Executives often treat the black box nature of machine learning models as a mysterious act, a mystic art that seems more apropos in scenes from the Marvel movie Doctor Strange than to AI. As a result, they task IT managers as if they were the movie's title character -- someone able to conjure processes so that the model performs well. The reality is that understanding machine learning pipeline basics can demystify the steps involved so that IT teams can better manage a tech vital to today's competitive business climate.
Pipelines are essentially development steps in building and automating a desired output from a program. Developers have used the phrase "pipeline" as lingo describing how software is formed from source code and into a production environment. In fact, you will likely see the pipeline label for many commercial programming services such as deploying a software into a repository for updates. In the case of machine learning, pipelines describe the process for adjusting data prior to deployment as well as the deployment process itself.

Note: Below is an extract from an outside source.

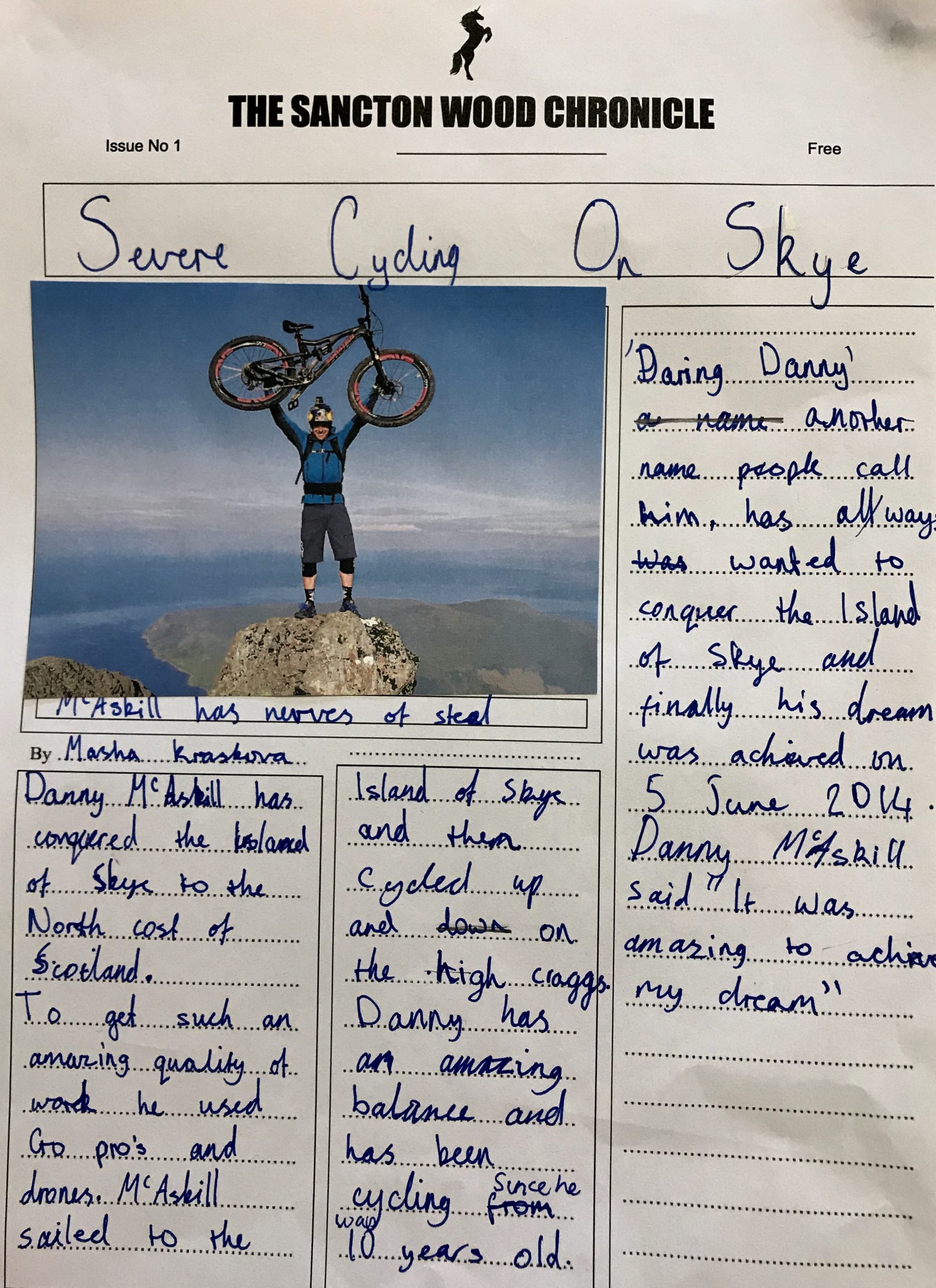 Year 4 Newspaper Articles Sancton Wood School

A machine learning pipeline consists of data acquisition, data processing, transformation and model training. The activity in each segment is linked by how data and code are treated. Data acquisition is the gain of data from planned data sources. The type of acquisition varies from simply uploading a file of data to querying the desired data from a data lake or database.
Data processing is the creation of programming code that prepares datasets by row, column, and values. The preparation applies changes based on known qualities of the data. Imputation of missing values with the dataset mean as an educated guestimate is an example.
Transformation is the arrangement of program functions so that the model reads the data. It is meant to arrange data type in a format recognizable to the model, such as applying hot encoding to move categorical text from the dataset.
Model training involves running the data to establish the specifications of the model. These can be addressed based on the kind of model being used. Some machine learning frameworks have extensions meant to ease model deployment and tuning. TensorFlow, for example, has a library in R programming, called tfdatasets, which is used for input pipelines.
After training, the final step is to test a model to see how accurate it yields a predicted value and tune a model's hyperparameters accordingly.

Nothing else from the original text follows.